For over a century the date was celebrated among African-Texans with Juneteenth parades, pageants, and barbecues. Because blacks were barred from congregating in public parks, Juneteenth celebrations were often held out in the country on private ranches. Horseback riding and cowboy riding gear became a part of the Juneteenth tradition.
The black holiday had largely died out by the early 1960s. But Juneteenth was revived on June 19, 1968, the final day of the Poor Peoples’ March on Washington, when Reverend Ralph Abernathy called for people of all races to show solidarity. Since then, Juneteenth celebrations have spread across the country. The holiday is big in Milwaukee and Minneapolis, among other places. In 1980, it became an official state holiday in Texas.

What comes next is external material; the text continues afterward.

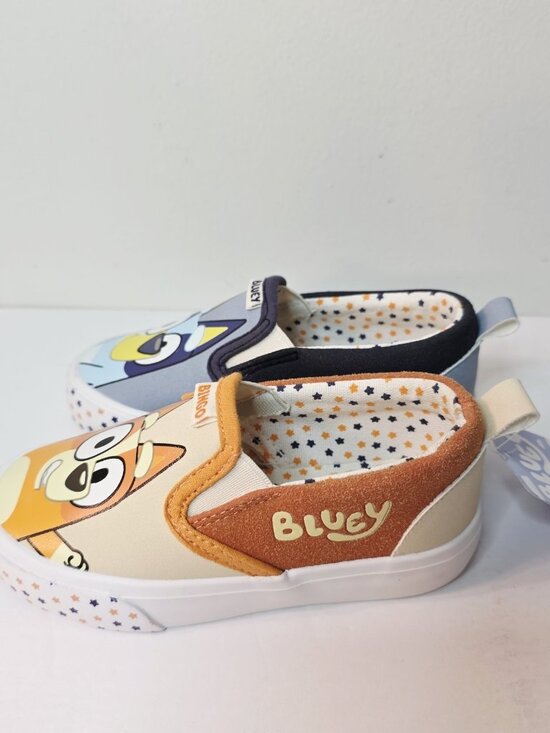 Disney Bluey & Bingo Slip On Tennis Shoes Sneakers Bingo Unisex Boy Girl Size 9 - Picture 1 of 5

The spirit of Juneteenth is sort of a cross between Martin Luther King Day, Passover, and the 4th of July—a celebration of African-American heritage and freedom from slavery. At Mama Sugar's, that means barbecue, music, and dancing.
Members of the Houston Chapter of the 9th and 10th Cavalry Association came to talk about their organization. During the American Civil War, the Union Army created troops of black soldiers popularly known as the Buffalo Soldiers. After the war, two regiments of black mounted soldiers, the 9th and 10th U.S. Cavalry, were formed, along with several regiments of black infantry. The modern association was formed by descendants of the original soldiers. Lt. Kelly (with the white mustache) told me that the group will be leading the final part of the Rodeo trailride next year.
At this year's annual symposium, Foodways Texas gave the Lifetime Achievement Award to Mama Sugar, whose formal name is Nathan Jean Whittaker Sanders. Mama Sugar founded the Sugar Shack Trailblazers in 1983, a trail-riding club that's now a part of the Southwestern Trail Riders Association.
Foodways Texas produced a short documentary film to a tell some of Mama Sugar’s story. The movie by Keeley Steensen recounts the Sanders family’s East Texas cooking traditions and includes footage shot at last year's Juneteenth birthday party. This year, Keeley showed the film at the party. As you can imagine, it was big hit.